We prospectively included 151 lesions of 141 patients that had an endoscopic diagnosis of EGC. All the lesions were examined by conventional endoscopy and AI chromoendoscopy before ESD or laparoscopic gastrectomy. The border clarification between the lesion and the normal mucosa was classified as distinct or indistinct before and after AI chromoendoscopy.
The borders of the lesions were distinct in 66.9% (101/151) with conventional endoscopy and in 84.1% (127/151) with AI chromoendoscopy (P < 0.001). Compared with conventional endoscopy, AI chromoendoscopy clarified the border in a significantly higher percentage of differentiated adenocarcinomas (74/108 [68.5%] vs 97/108 [89.8%], respectively, P < 0.001). However, the border clarification rate for undifferentiated adenocarcinomas did not differ between conventional endoscopy and AI chromoendoscopy (27/43 [62.8%] vs 30/43 [70.0%], respectively, P = 0.494).
AI chromoendoscopy is useful in determining the lateral extent of EGCs. However, its usefulness is reduced in undifferentiated adenocarcinomas.
There has been a reduced incidence of gastric cancer in western countries over the past few decades. However, gastric cancer is still the second leading cause of cancer deaths in the world, and it is the most prevalent malignancy in Korea [1, 2]. Early gastric cancer (EGC) is defined as a gastric cancer that is confined to the mucosa or submucosa, regardless of the presence or absence of lymph node metastasis . The proportion of EGC cases is increasing in Korea because endoscopic screening for gastric cancer has been adopted . As a result, endoscopic treatments such as endoscopic submucosal dissection (ESD) and laparoscopic gastrectomy are increasingly used to treat a subset of patients with EGC in both Korea and Japan [5–8].
To achieve a successful outcome, it is very important to accurately determine the lateral extent of the tumor. This has traditionally been done with conventional endoscopy and chromoendoscopy using indigo carmine dye [9, 10]. However, it is sometimes difficult to identify the margins of the tumors, especially those of superficial or flat-type tumors. Magnifying endoscopes have reportedly been useful in overcoming this difficulty [11, 12] but their use is limited by the technical difficulties in manipulating the scopes.

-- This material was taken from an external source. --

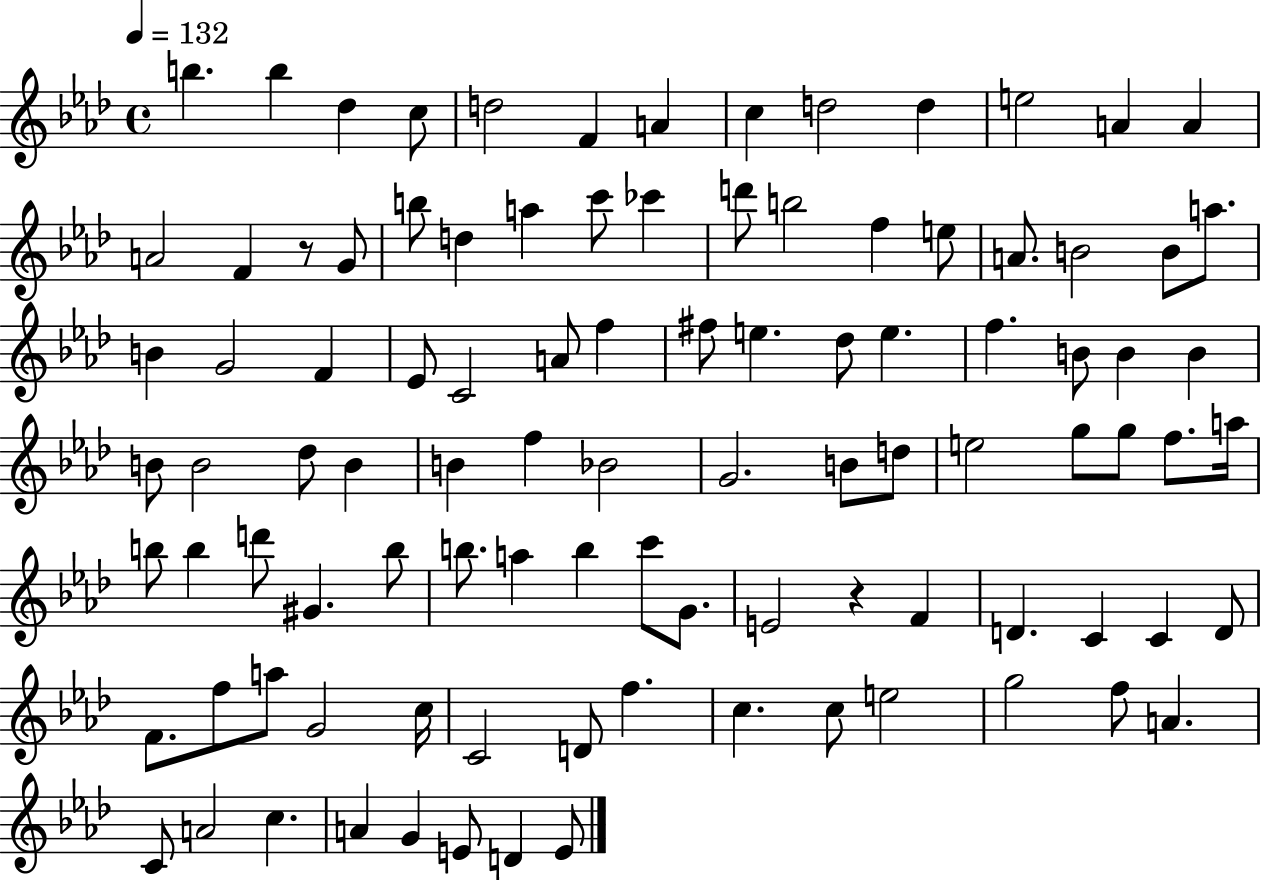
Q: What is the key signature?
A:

Therefore, easier methods are required that make it possible to accurately determine the lateral extent of these tumors. Chromoendoscopy with indigo carmine dye added to acetic acid (AI chromoendoscopy) has recently been reported to improve the diagnostic yield in terms of recognizing the tumor borders in patients with EGC [13, 14]. However, the majority of subjects included in these studies had differentiated adenocarcinomas. Therefore, the current study was performed to prospectively investigate the diagnostic performance of AI chromoendoscopy in delineating differentiated or undifferentiated adenocarcinomas in patients with EGC.
From January 2007 to May 2009, a total of 151 lesions in 141 patients (85 men and 56 women; age range, 35-81 years; mean age 60 years) with an endoscopic diagnosis of EGC were enrolled prospectively. These patients had previously undergone endoscopic ultrasonography and computed tomography assessments, and were scheduled to undergo ESD or surgery.
This study was approved by the Institutional Review Board at Pusan National University Hospital and informed consent was obtained from all the patients before their examination.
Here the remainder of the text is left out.